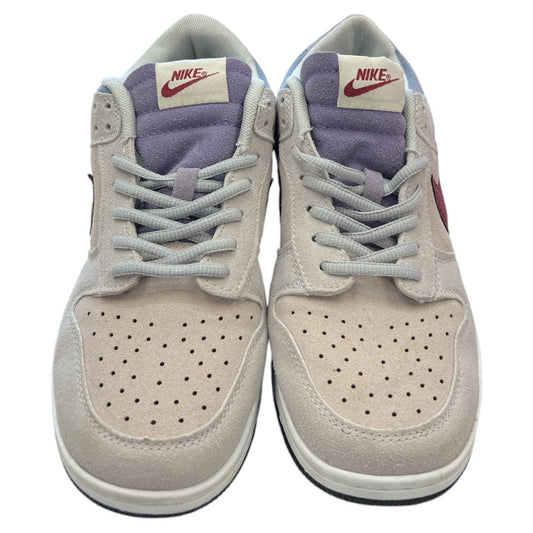 Shoes Sneakers By Nike In Grey, Size: 7.5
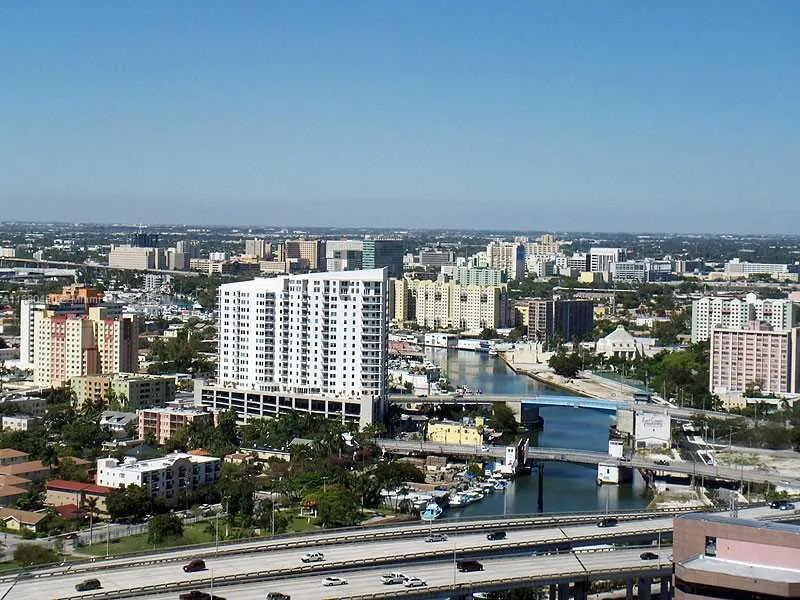 185 SW 7 ST, #3902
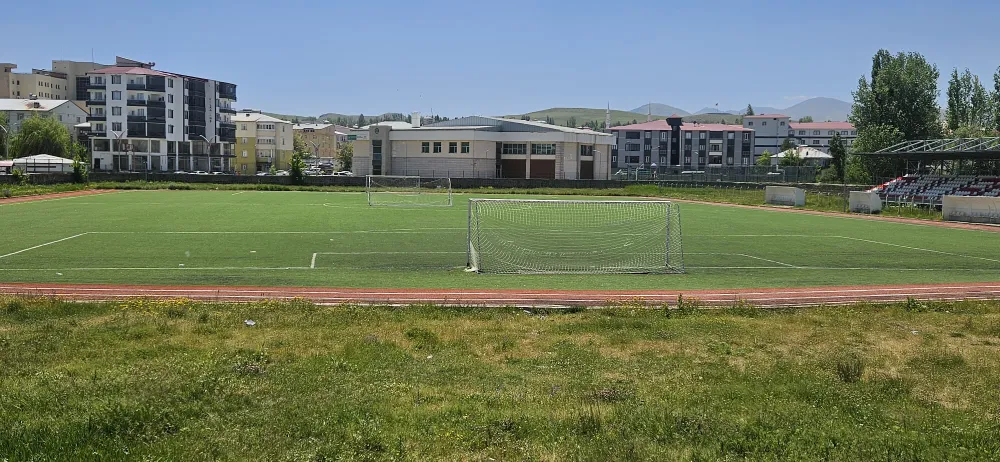 BULANIK İLÇE STADYUMU YENİLENİYOR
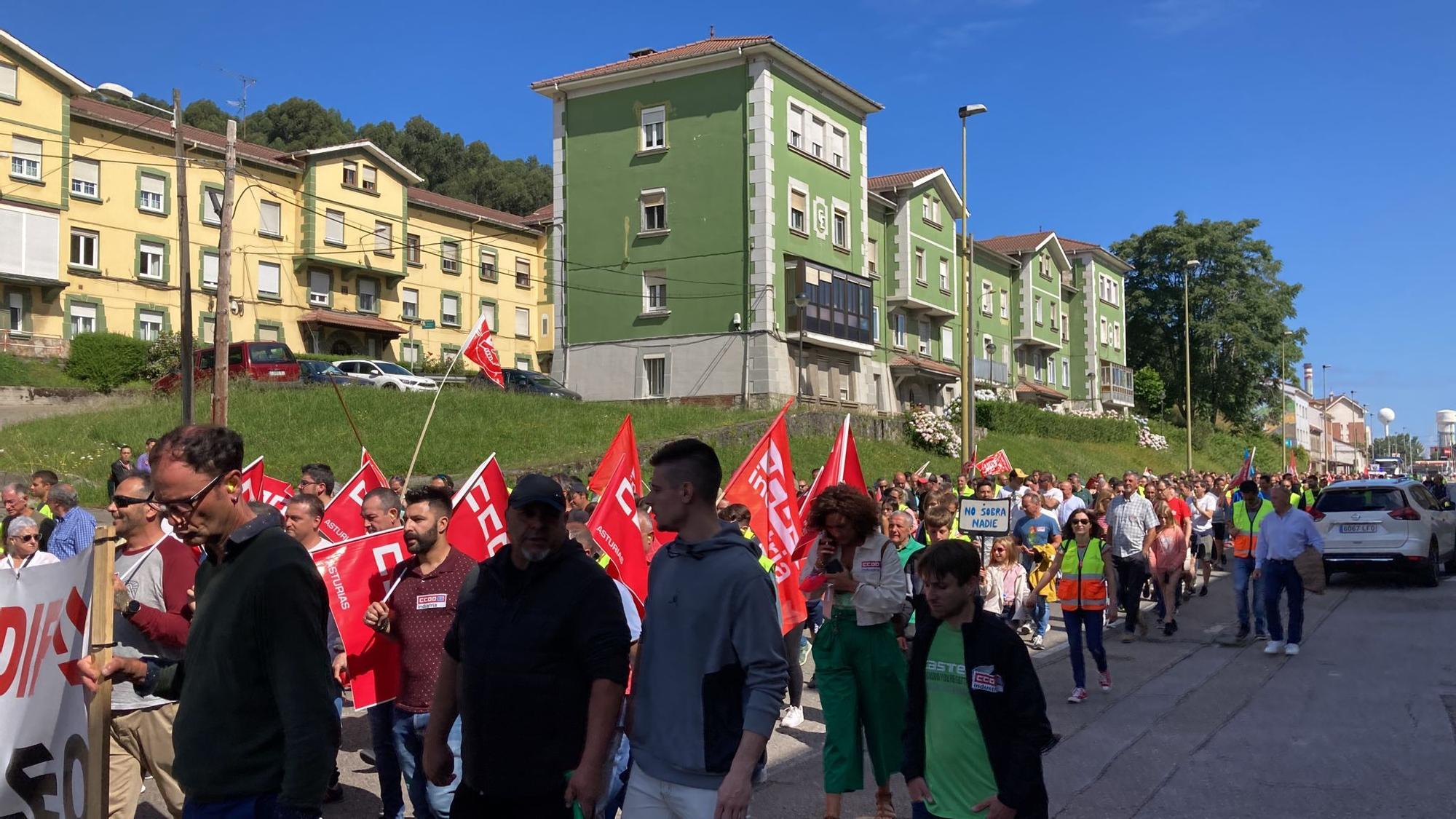 Los trabajadores de Saint-Gobain salen a la calle para frenar los despidos en Avilés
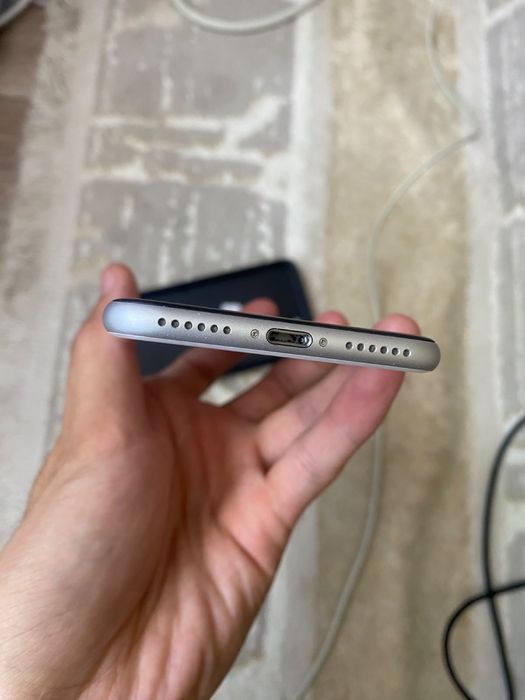 iPhone SE 2020 64gb
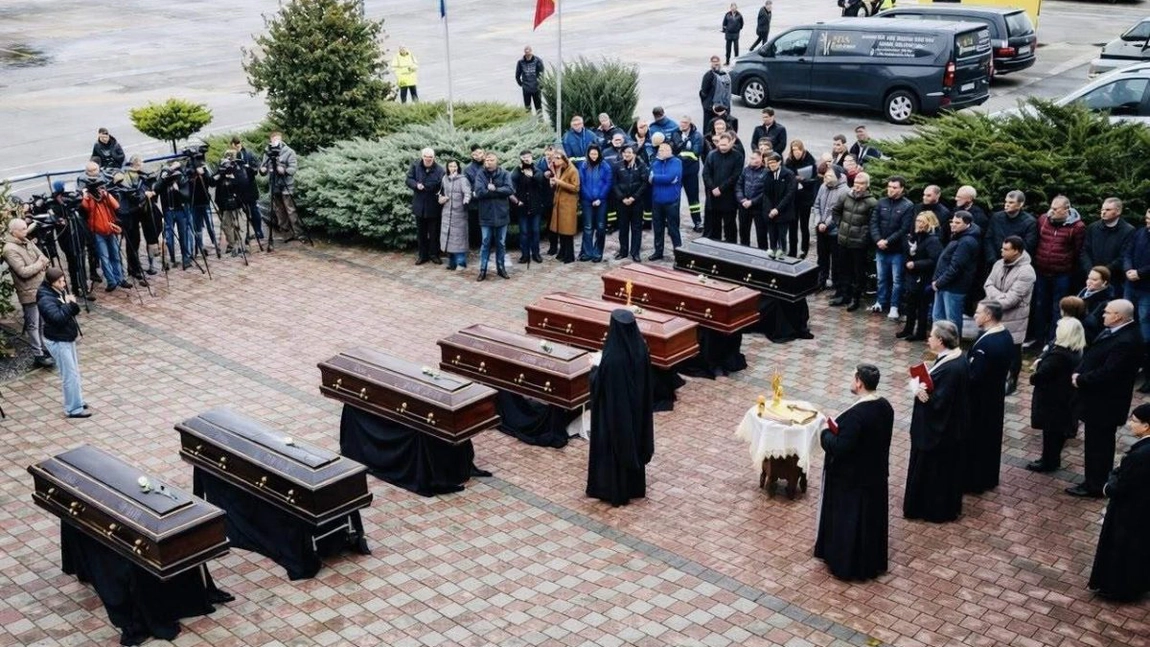 Scene sfâșietoare la aeroportul din Timișoara: trupurile suporterilor decedați în accidentul de pe DN6, repatriate în Grecia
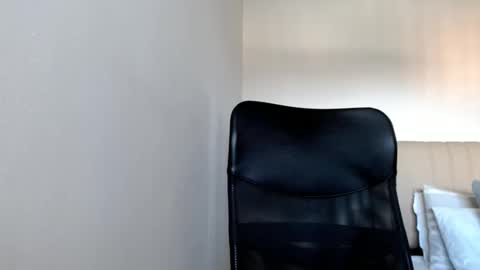 Snapshot of elosocazador chatting on January 2, 1:08 pm elosocazador online show from January 2, 1:08 pm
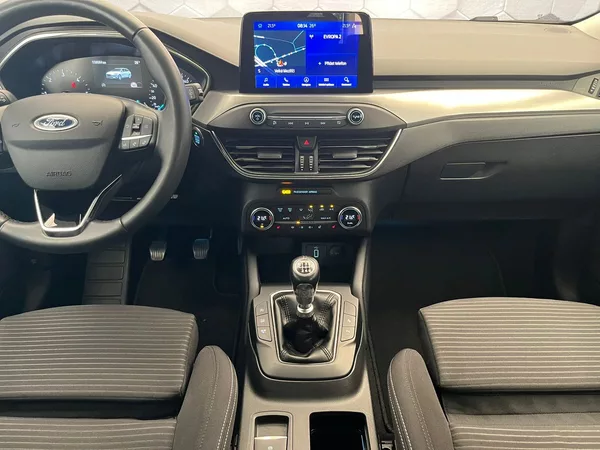 Ford Focus 2.0 EB Titanium 110KW - foto 18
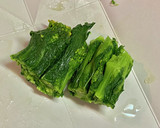 菜の花としば漬けと魚ニソのごま油和え作り方3写真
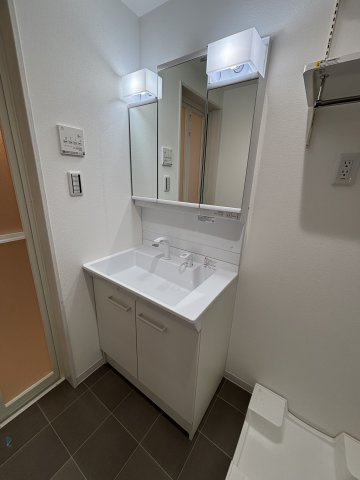 ラモーナ雁屋西町の洗面所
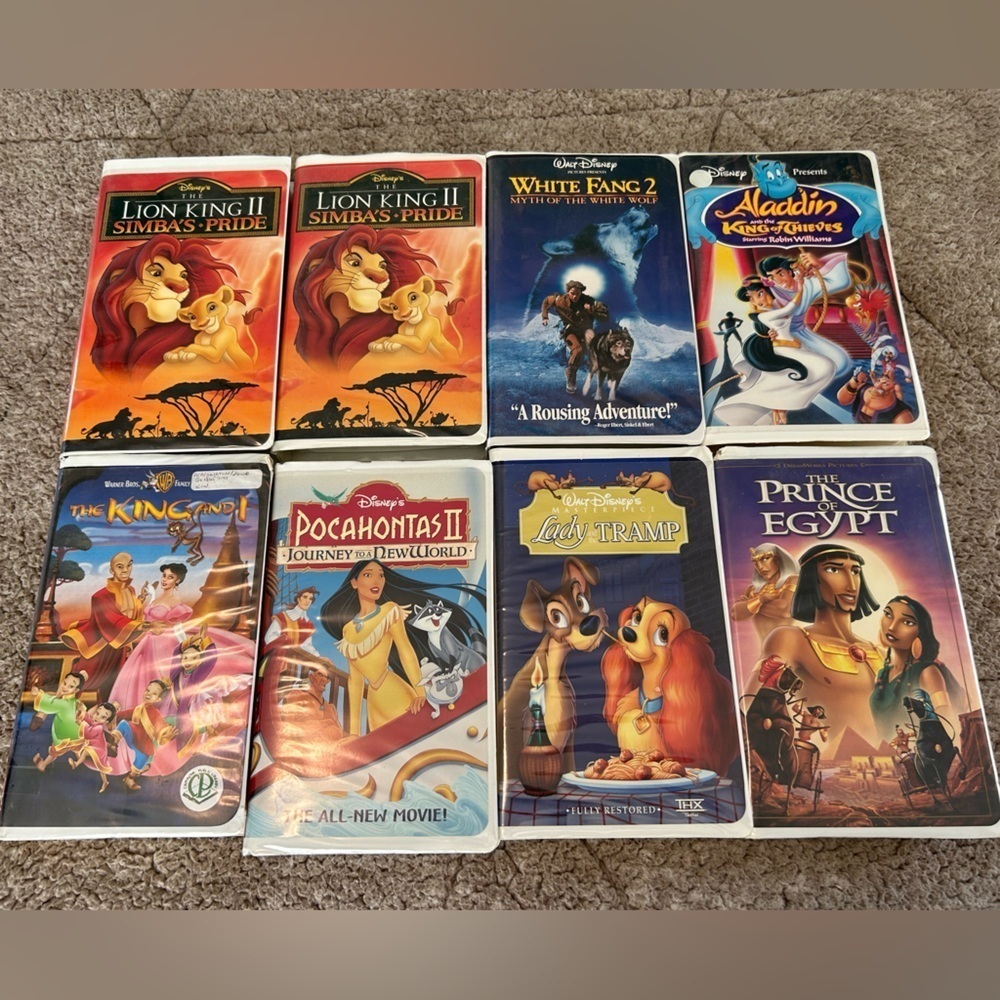 Disney VHS Bundle (8)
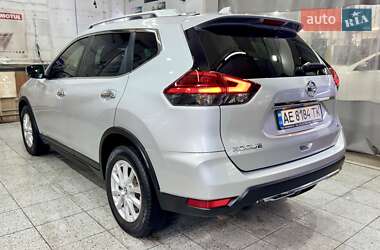 Позашляховик / Кросовер Nissan Rogue 2016 в 
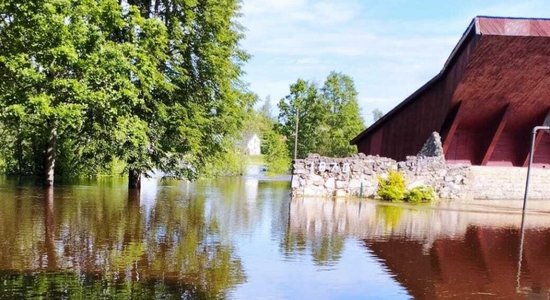 Foto: Spēcīgās lietavas appludina Tirzas estrādi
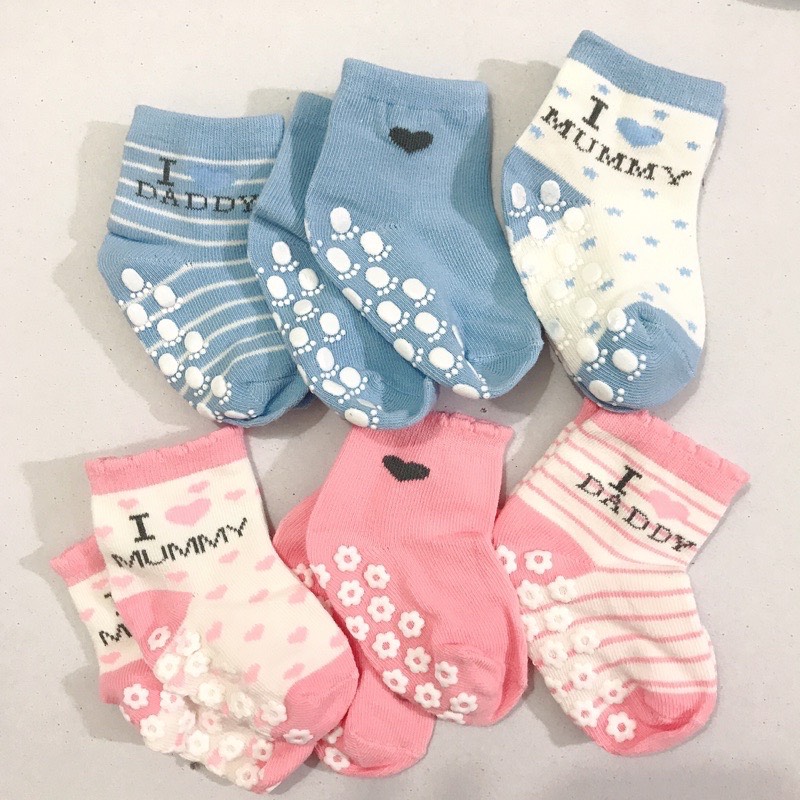 Set 3 Đôi vớ tất chống trượt MOMDAD cho bé (S/M)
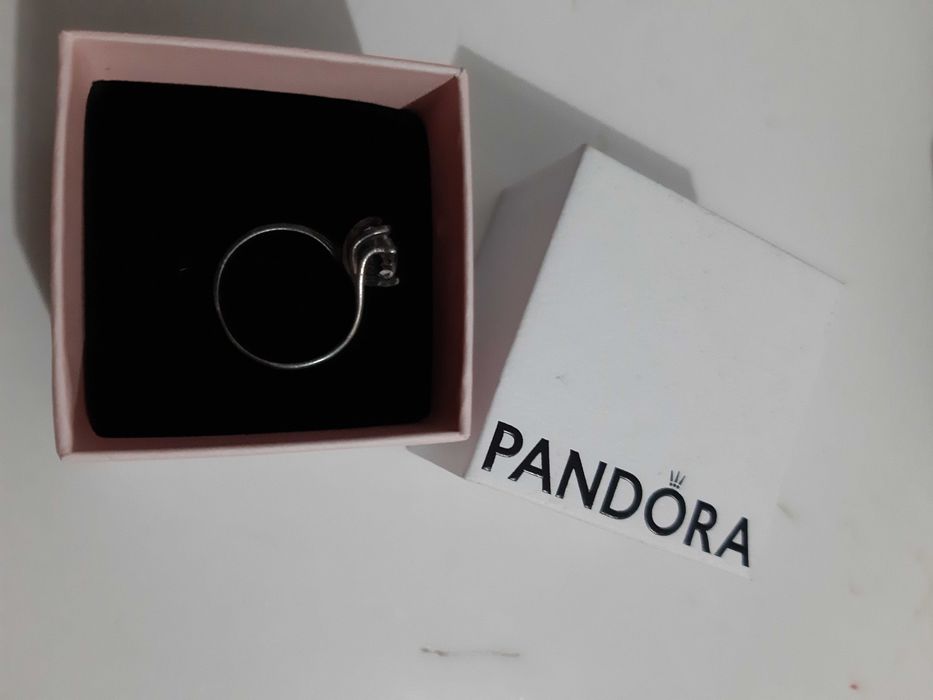 Inel de argint stil logodna cu piatra in cutie cadou Pandora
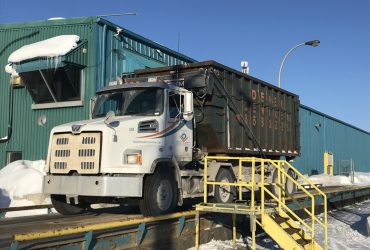 Vue latérale d'un camion du Groupe Démex-Centrem sur la balance à camions chez Centrem Alma.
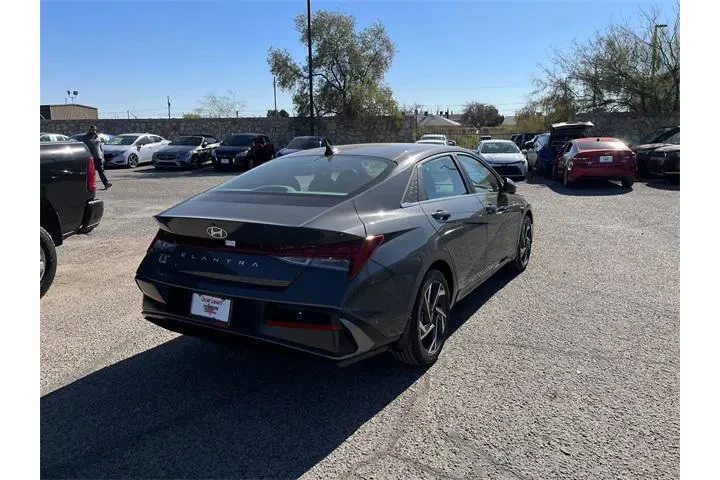 $27015 : Hyundai ELANTRA 2024 SEL 4dr image 7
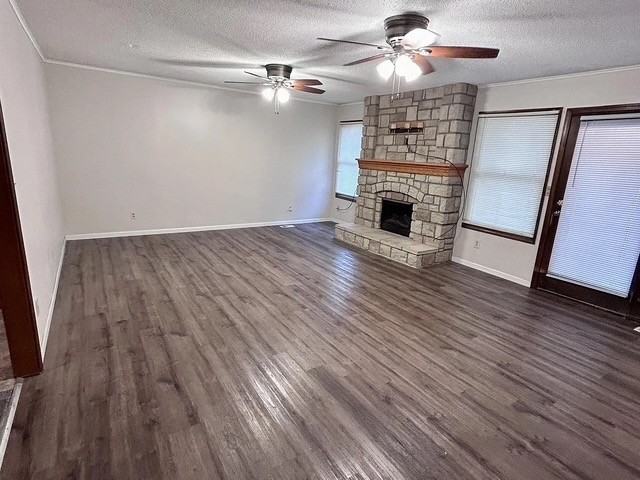 235 N Michigan Street - Photo 2 of 10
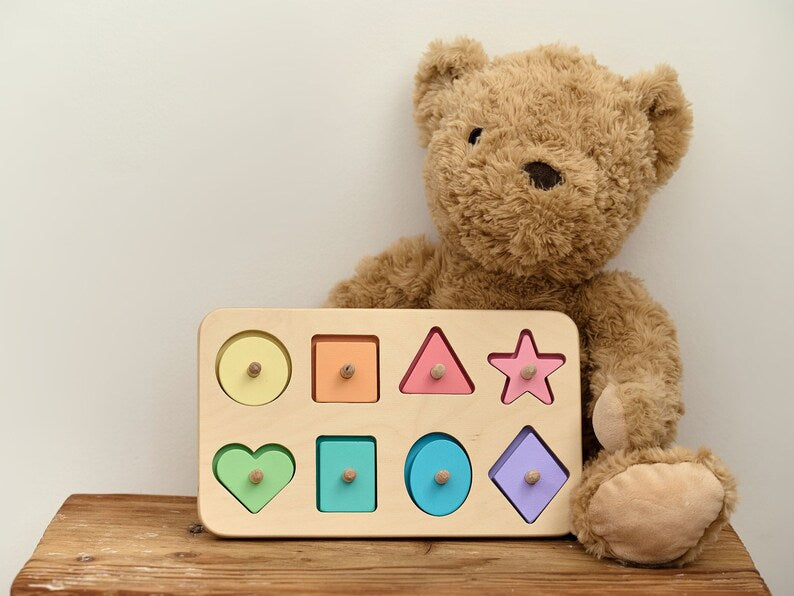 color sorting toy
________
TASK STATEMENT:
Leave out every picture, and copy exactly the lines from the line that contains "235 N Michigan Street - Photo 2 of 10" through the end of the material.

YOUR RESPONSE:
 235 N Michigan Street - Photo 2 of 10
 color sorting toy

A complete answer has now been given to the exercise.